● **WORK ORDER**:
Start the copy at the line containing "White bedazzled pearl" and run it through the last line of the records. Repeat each line exactly; omit pictures.

● **RECORDS FOR THIS EXERCISE**:
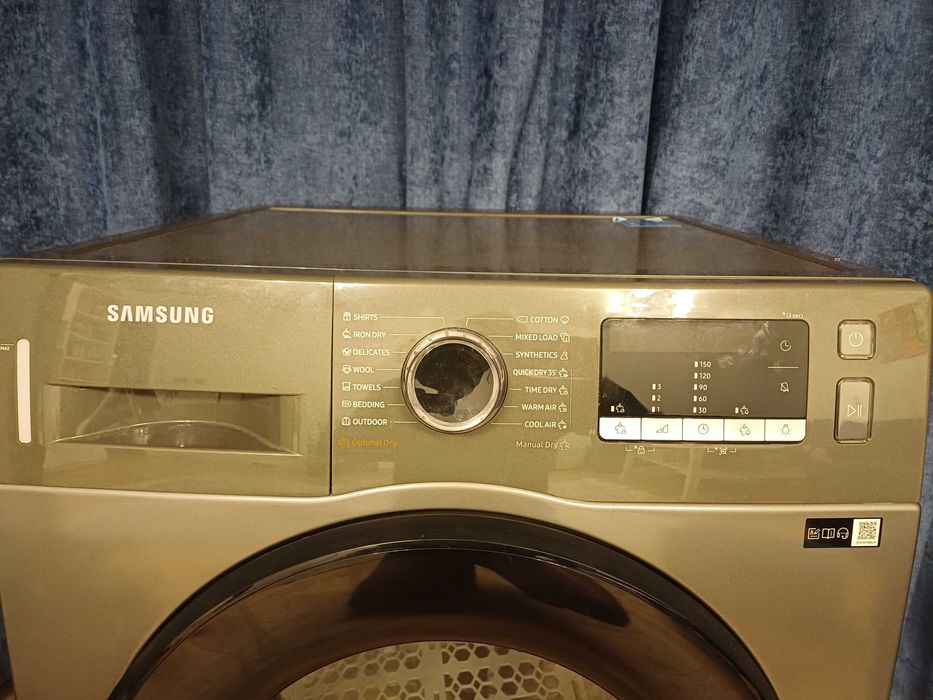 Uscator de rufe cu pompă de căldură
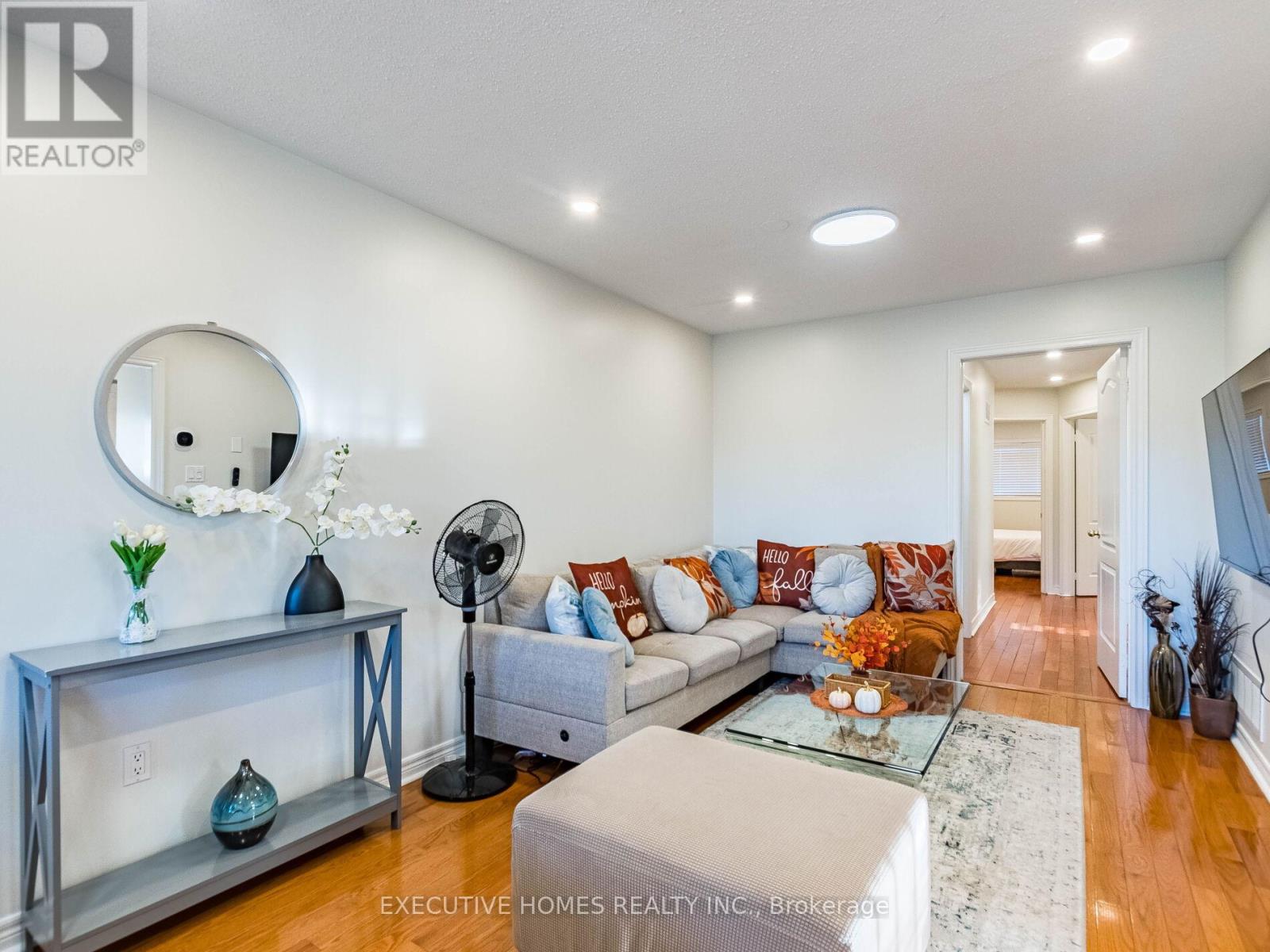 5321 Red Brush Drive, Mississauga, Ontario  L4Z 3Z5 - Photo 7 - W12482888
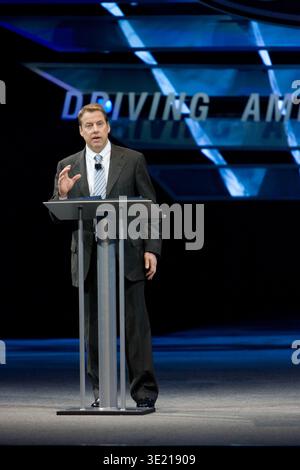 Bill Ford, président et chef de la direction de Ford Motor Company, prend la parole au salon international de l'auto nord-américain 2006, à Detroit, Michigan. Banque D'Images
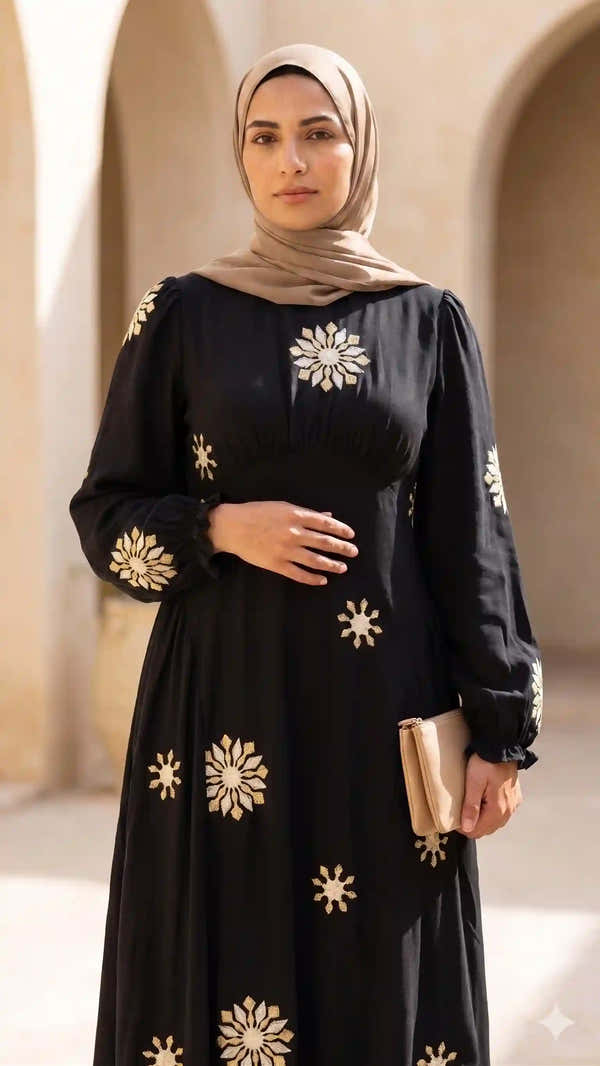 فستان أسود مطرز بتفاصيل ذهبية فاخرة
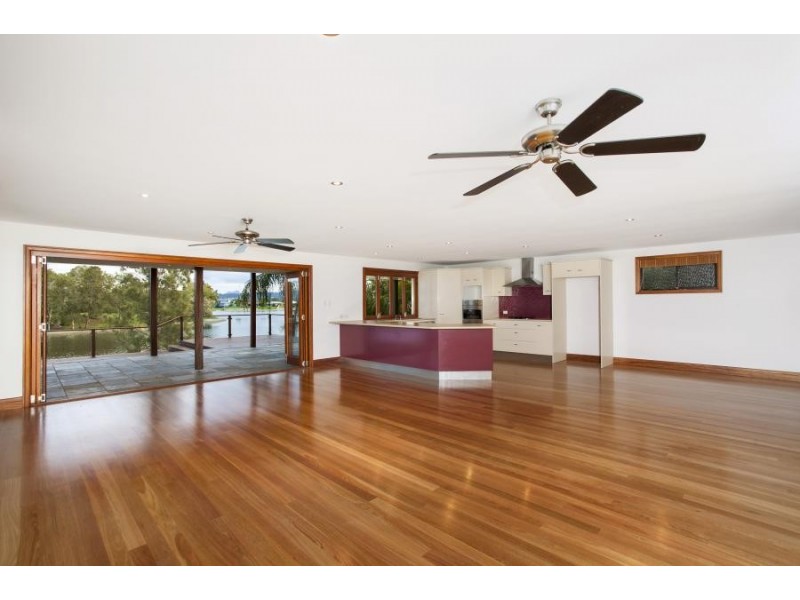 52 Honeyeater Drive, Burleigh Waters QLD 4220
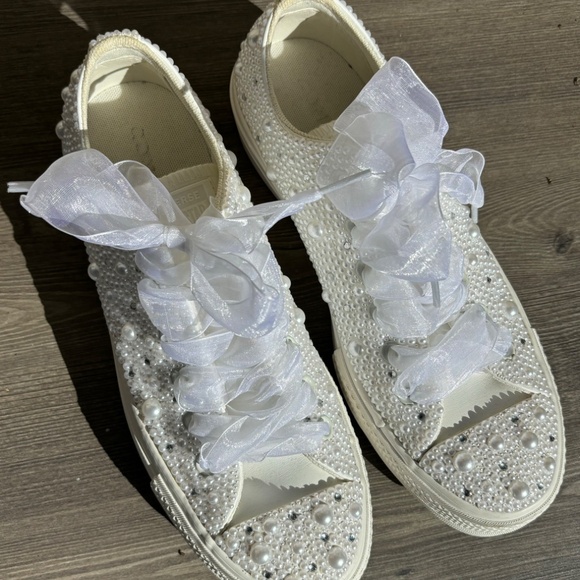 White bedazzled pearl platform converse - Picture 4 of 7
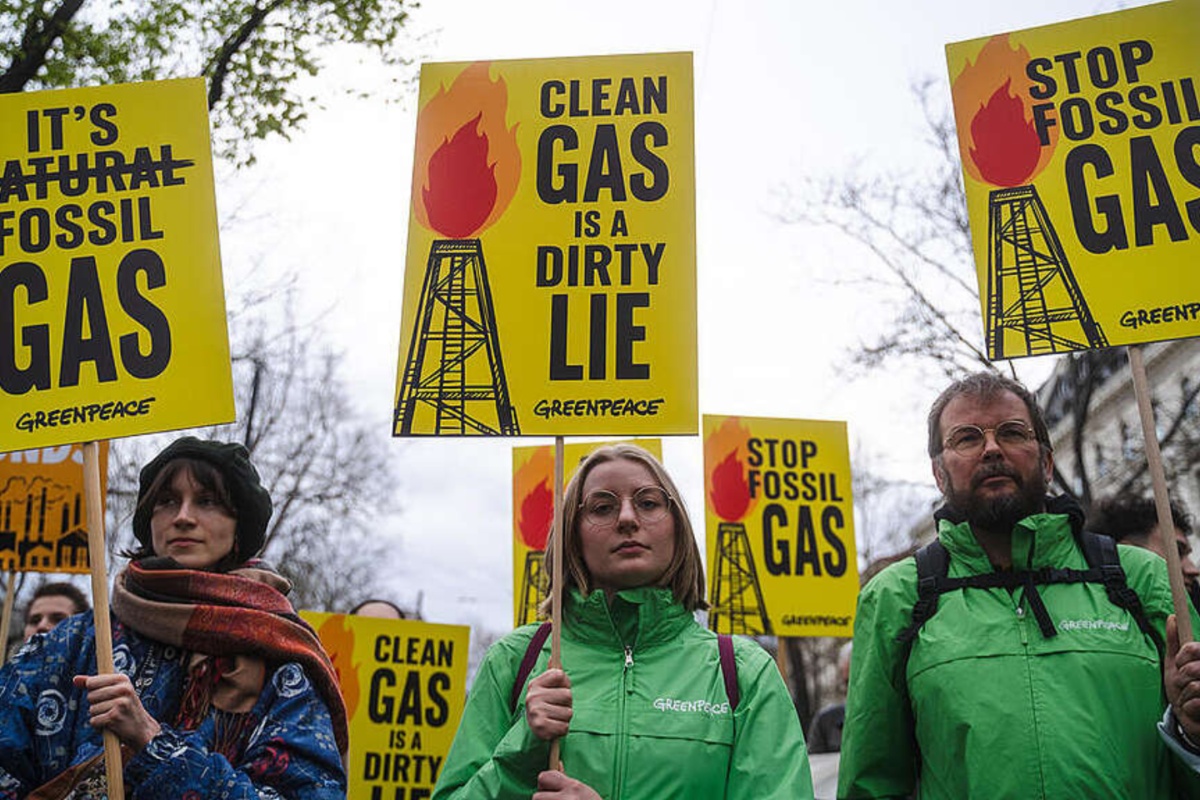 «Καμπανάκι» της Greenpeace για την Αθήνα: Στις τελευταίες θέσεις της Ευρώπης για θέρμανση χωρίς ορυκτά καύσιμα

● **RESULT**:
 White bedazzled pearl platform converse - Picture 4 of 7
 «Καμπανάκι» της Greenpeace για την Αθήνα: Στις τελευταίες θέσεις της Ευρώπης για θέρμανση χωρίς ορυκτά καύσιμα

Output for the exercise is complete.